_What you have to do_. Would you copy exactly the lines in the data below from the one that has "22年盐城保时捷Taycan" through the one that has "211 Campbell Street, Newtown QLD 4350", dropping any pictures?

_Provided data_.
# # #
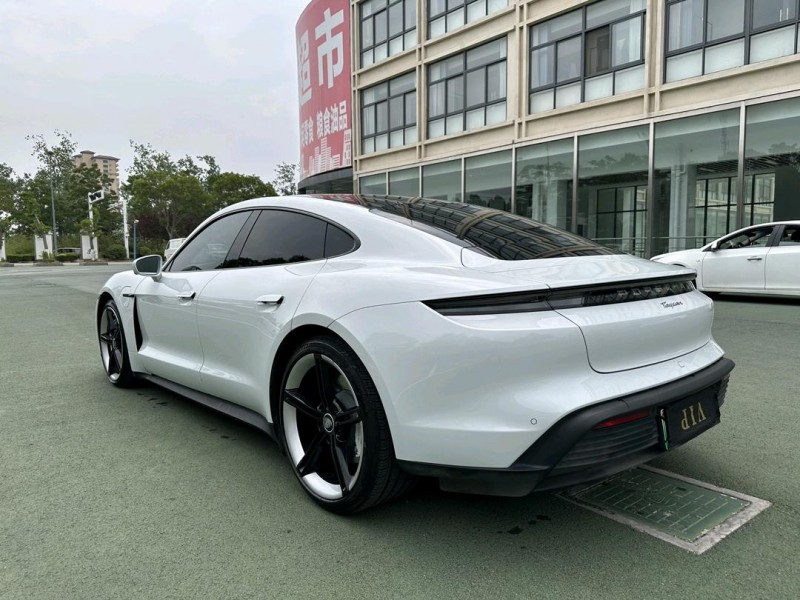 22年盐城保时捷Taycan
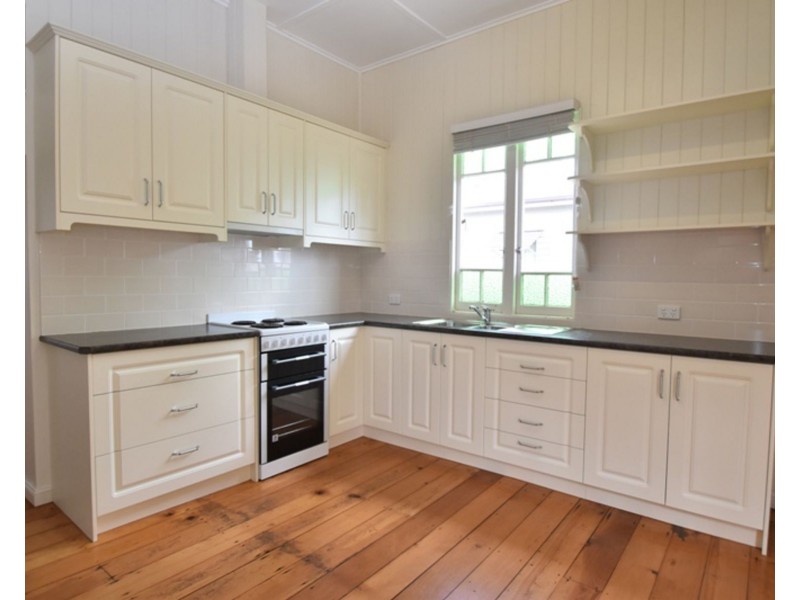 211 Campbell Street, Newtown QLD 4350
# # #
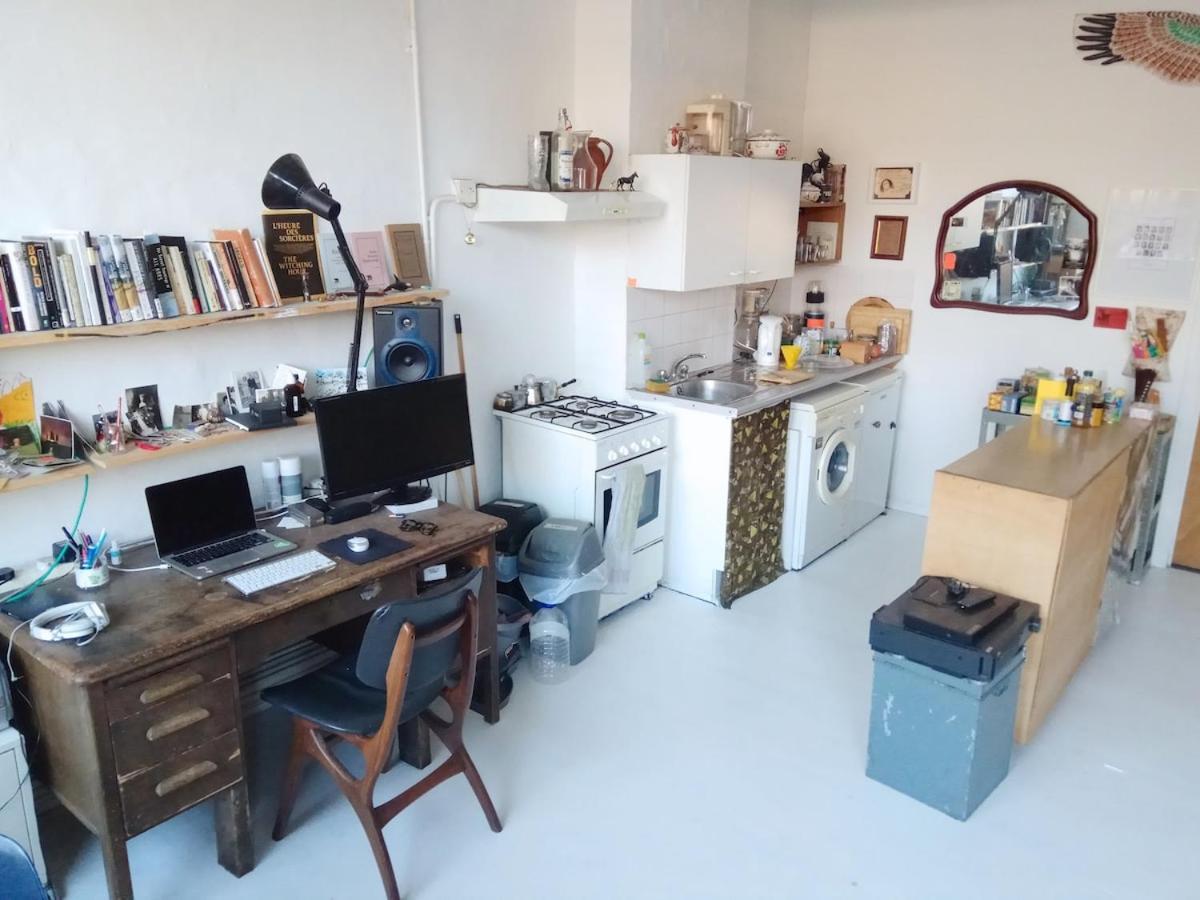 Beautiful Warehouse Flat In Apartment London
# # #
_Response to this exercise_.
 22年盐城保时捷Taycan
 211 Campbell Street, Newtown QLD 4350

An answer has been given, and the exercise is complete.